---------- Provided data

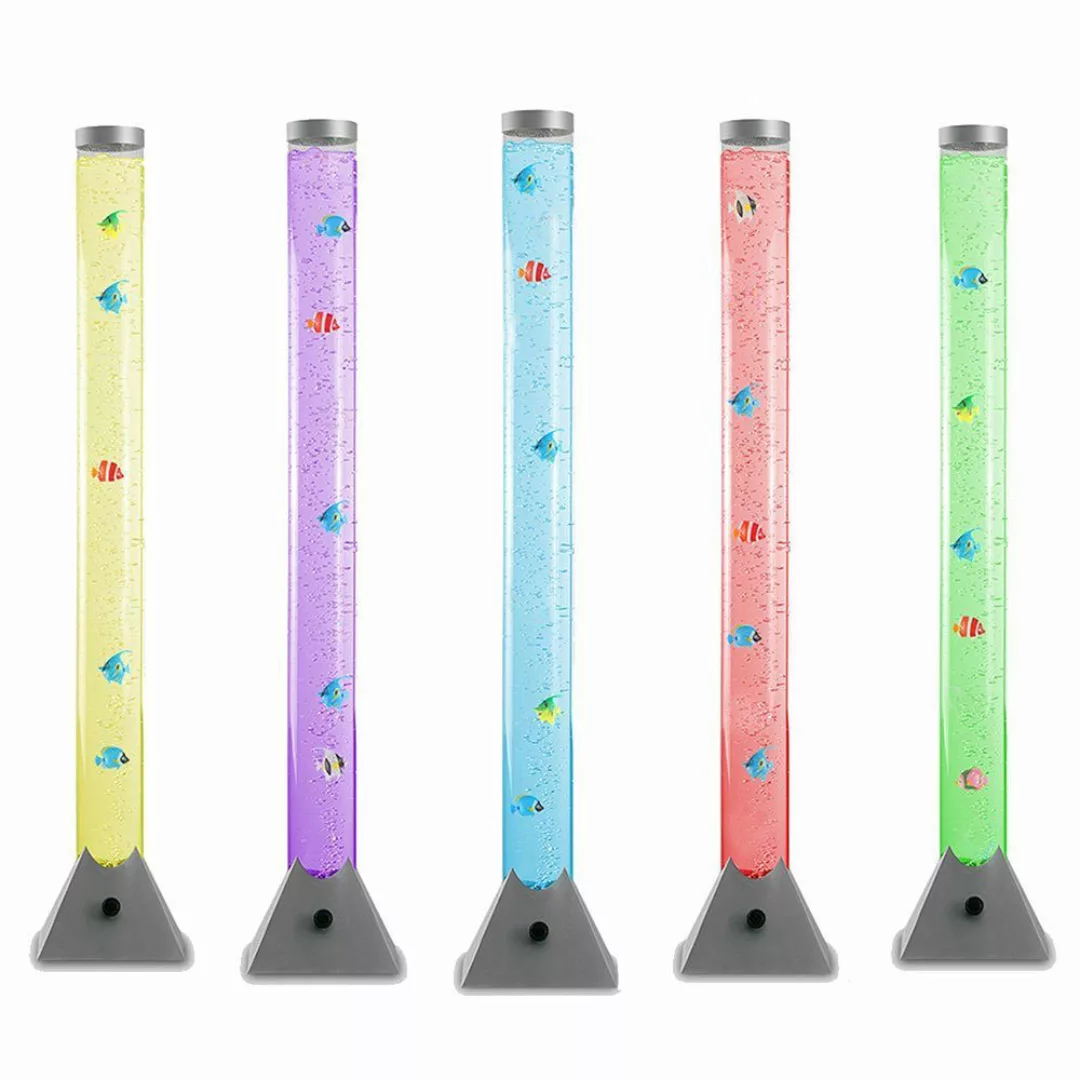 NOWA LED Stehlampe, LED-Leuchtmittel fest verbaut, günstig online kaufen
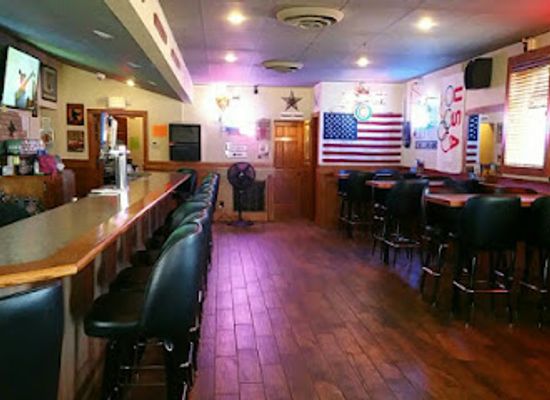 illinois/rockford/bar/the-victory-tap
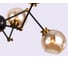 Люстра на штанге Ambrella Light Traditional TR9052 3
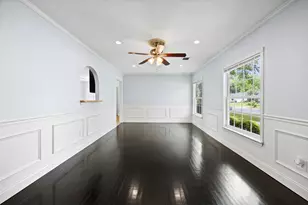 1804 Stewart Dr, Arlington, TX 76013 - Photo 6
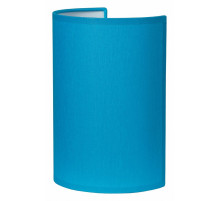 Настенный светильник TopDecor Crocus Glade A2 10 334g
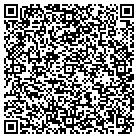 QR code with Lichtenberger Contracting contacts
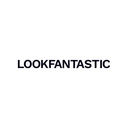 Lookfantastic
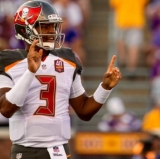 Not like that, like this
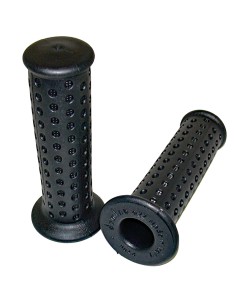 Puños originales Piaggio Skipper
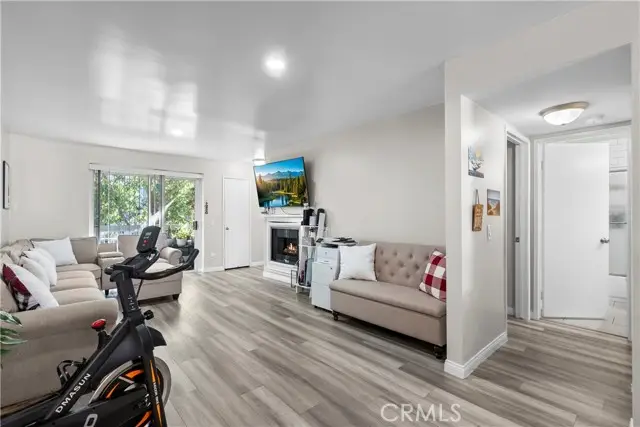 26926 Flo Lane  #419, Canyon Country, CA 91351 - #3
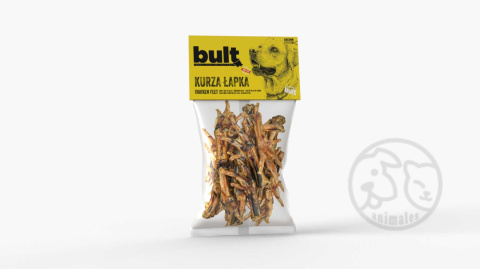 Bult Przysmak Kurze łapki 150g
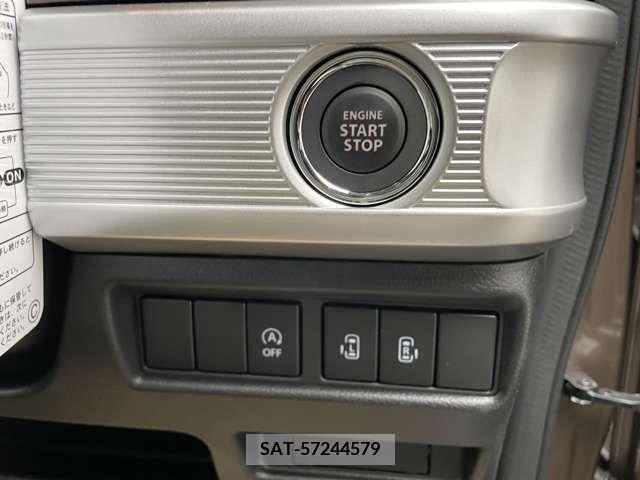 Suzuki SPACIA 2023-02 286903-6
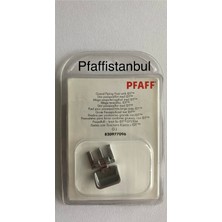 Pfaff Kalın Kordon Ayağı 820977096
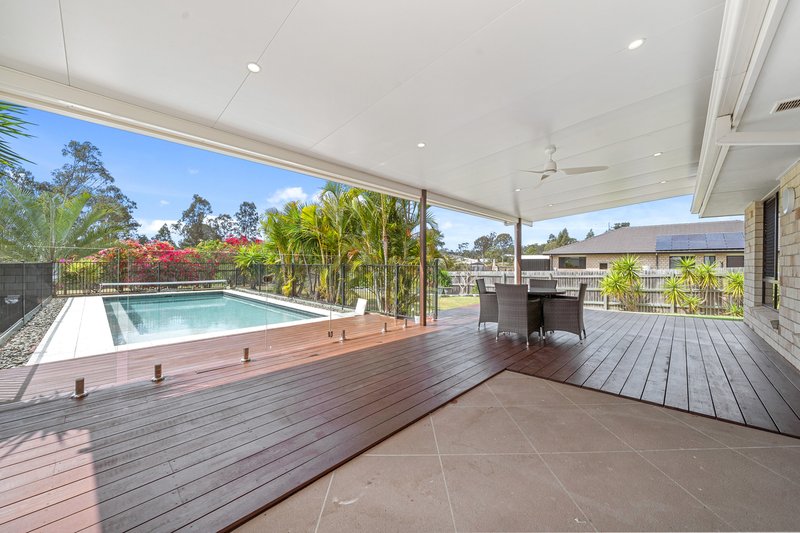 Photo - 59-61 Panitz Drive, Jimboomba QLD 4280 - Image 16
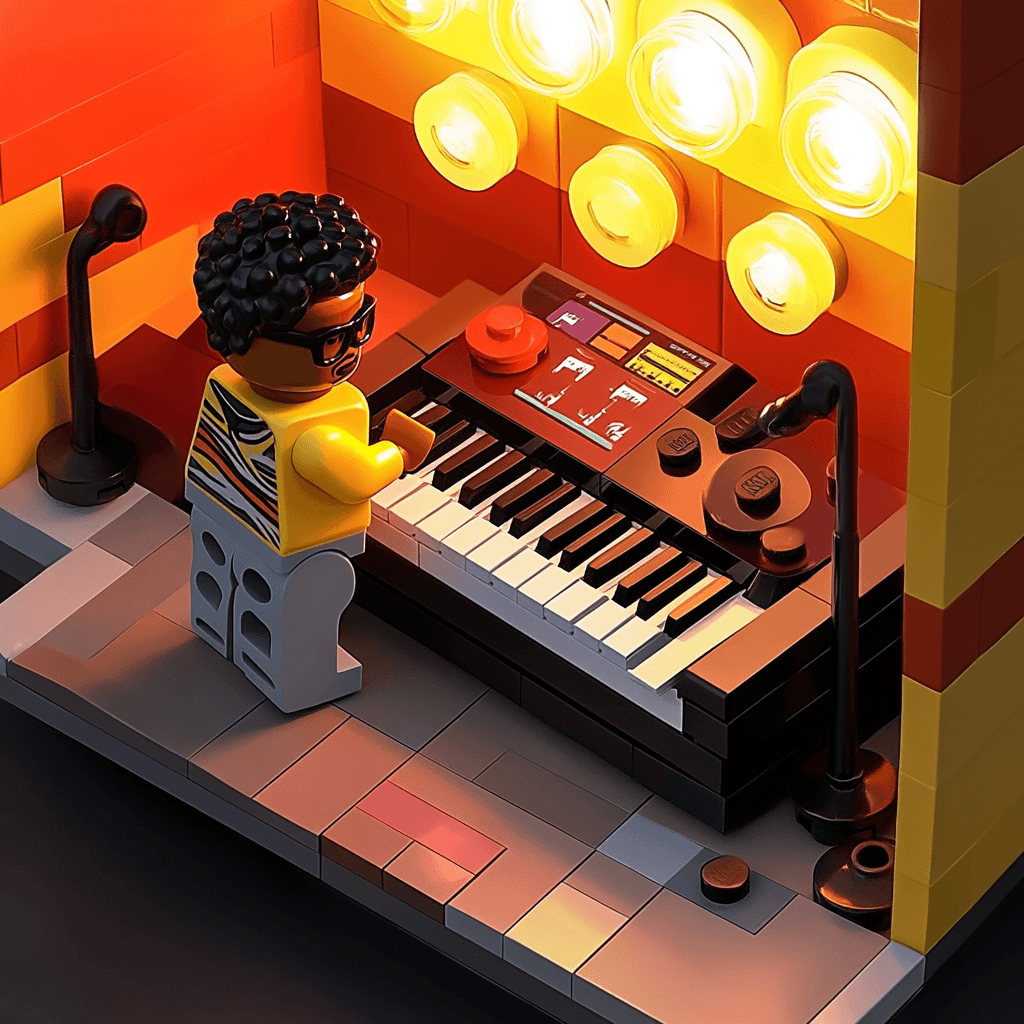 song-cover
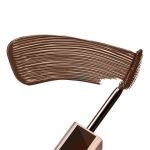 02 Marron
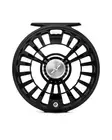 Guideline Halo EVO Reel - Guideline Fly Reels - 7033841113212 - 4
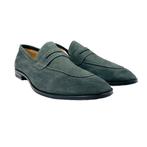 Bally - Mocassins (loafers) - Taille : EU 43 - Neuf dans sa, Nieuw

--------------------

* [Directions for this task]
Copy nothing past the line containing "1804 Stewart Dr, Arlington, TX": reproduce every line from the start of the records up to it, skipping pictures.

* [Result of the task]
 NOWA LED Stehlampe, LED-Leuchtmittel fest verbaut, günstig online kaufen
 illinois/rockford/bar/the-victory-tap
 Люстра на штанге Ambrella Light Traditional TR9052 3
 1804 Stewart Dr, Arlington, TX 76013 - Photo 6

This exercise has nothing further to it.